▶ _SUPPLIED INFORMATION_
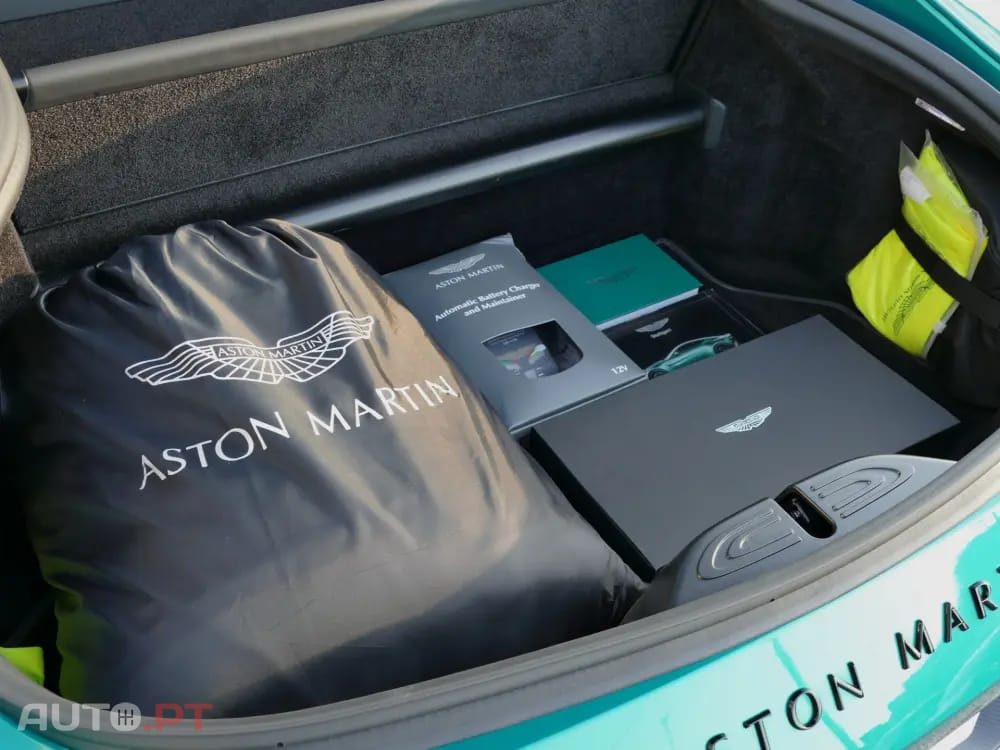 Aston Martin Vantage Coupé V8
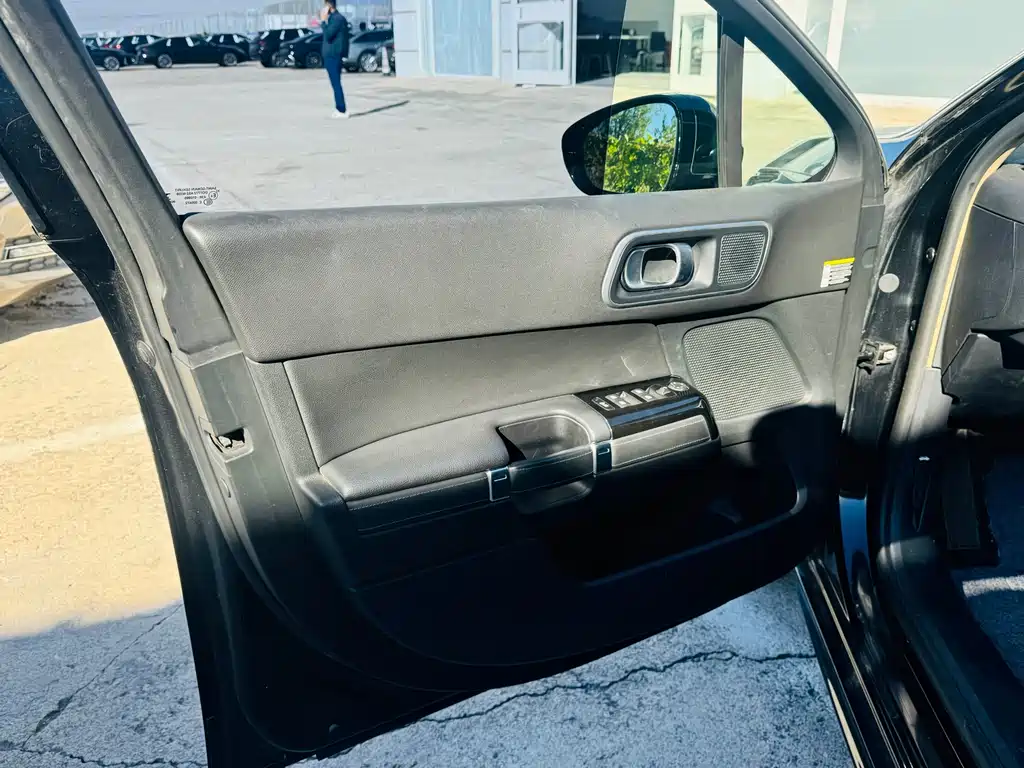 Citroen C6 — миниатюра 11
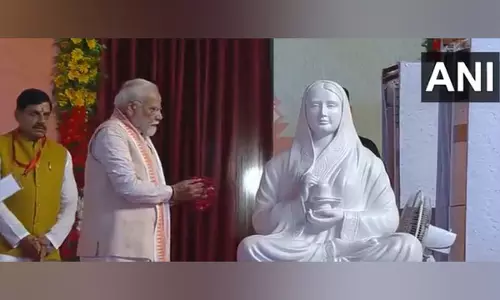 PM Modi ने भोपाल में अहिल्याबाई होल्कर को पुष्पांजलि अर्पित की PM Modi ने भोपाल में अहिल्याबाई होल्कर को पुष्पांजलि अर्पित की
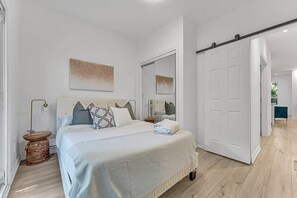 Iron/ironing board, WiFi, bed sheets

▶ _WHAT IS BEING ASKED_
Please retype, exactly as they appear, the lines from the one with "Citroen C6 — миниатюра 11" through the final line of the material, both included, and drop any pictures.

▶ _EXERCISE OUTPUT_
 Citroen C6 — миниатюра 11
 PM Modi ने भोपाल में अहिल्याबाई होल्कर को पुष्पांजलि अर्पित की PM Modi ने भोपाल में अहिल्याबाई होल्कर को पुष्पांजलि अर्पित की
 Iron/ironing board, WiFi, bed sheets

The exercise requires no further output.